Review: Nvidia RTX 3080 Ti is a powerhouse—but good luck finding it at $1,199 MSRP

[ad_1]

Nearly nine months ago, the RTX 3000 series of Nvidia graphics cards launched in a beleaguered world as a seeming ray of hope. The series’ first two GPUs, the RTX 3080 and 3070, were nearly all things to all graphics hounds. Nvidia built these cards upon the proprietary successes of the RTX 2000 series and added sheer, every-API-imaginable rasterization power on top.

An “RTX”-optimized game ran great on the line’s opening salvo of the RTX 3080, sure, but even without streamlined ray tracing or the impressive upsampling of DLSS, it tera’ed a lot of FLOPs. Talk about a fun potential purchase for nerds trapped in the house.

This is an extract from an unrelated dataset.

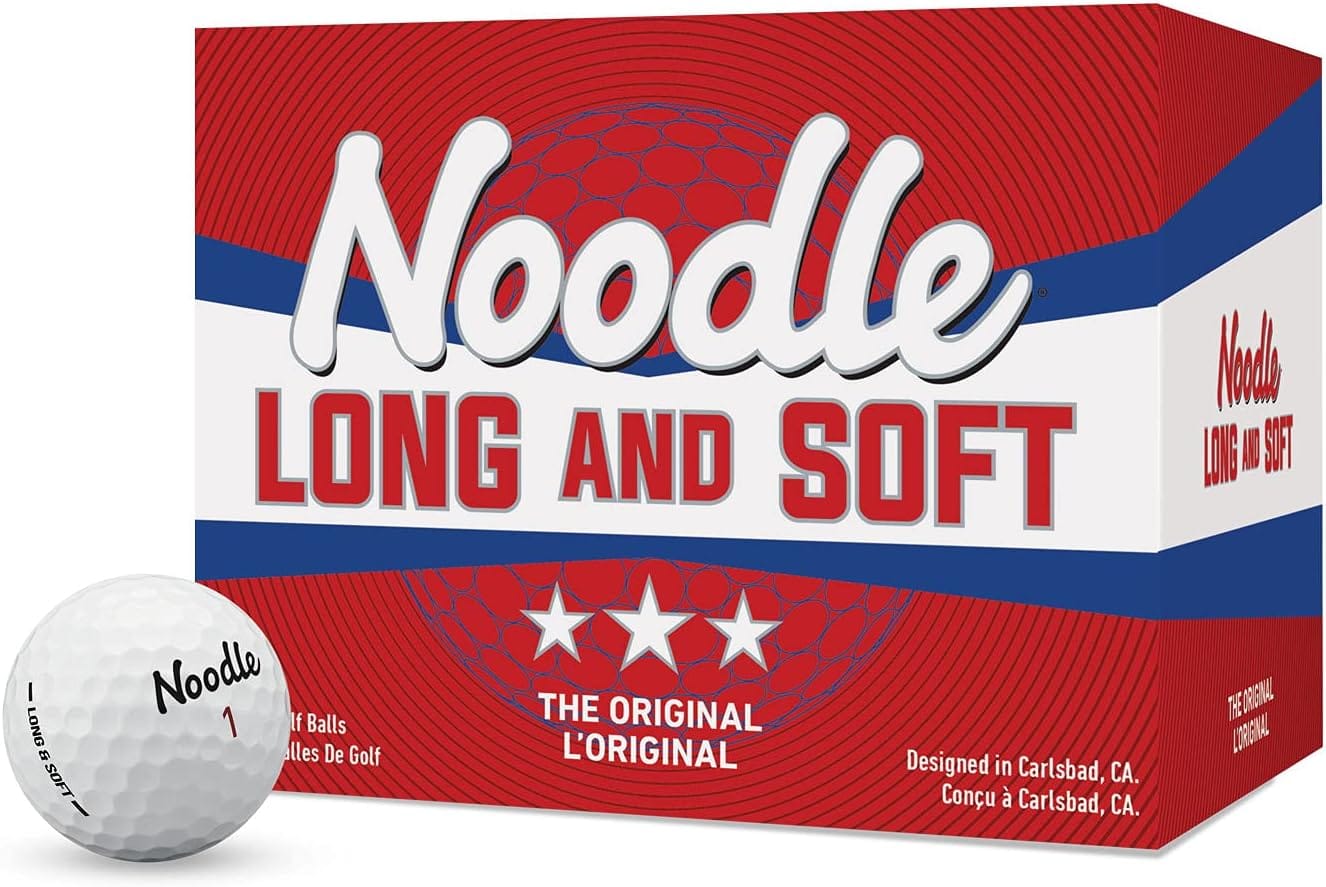 TaylorMade Noodle - best golf balls for average golfer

Even better, that power came along with more modest MSRPs compared to what we saw in the RTX 2000 series. As I wrote in September 2020:

RTX 3080’s impact on the market will hopefully push the average GPU value proposition into reasonable territory. Its $699 price may not be your cup of tea, but if prices for everything beneath the RTX 3080 (and its sibling, the RTX 3070, slated to launch in October at $499) adjust according to the below benchmarks, that means a rock-solid 1080p or 1440p GPU may finally land within your budgetary reach.

…so, yeah. About that…

At the time, I was too busy running benchmarks to ask my crystal ball about an imminent future of exploding crypto values and diminishing chip and silicon supplies. The graphics card market went kablooie, and that left me holding the bag of a ridiculous claim about future GPU prices. Anyone who’s been paying attention has witnessed many instant GPU sell-outs and staggering eBay listings.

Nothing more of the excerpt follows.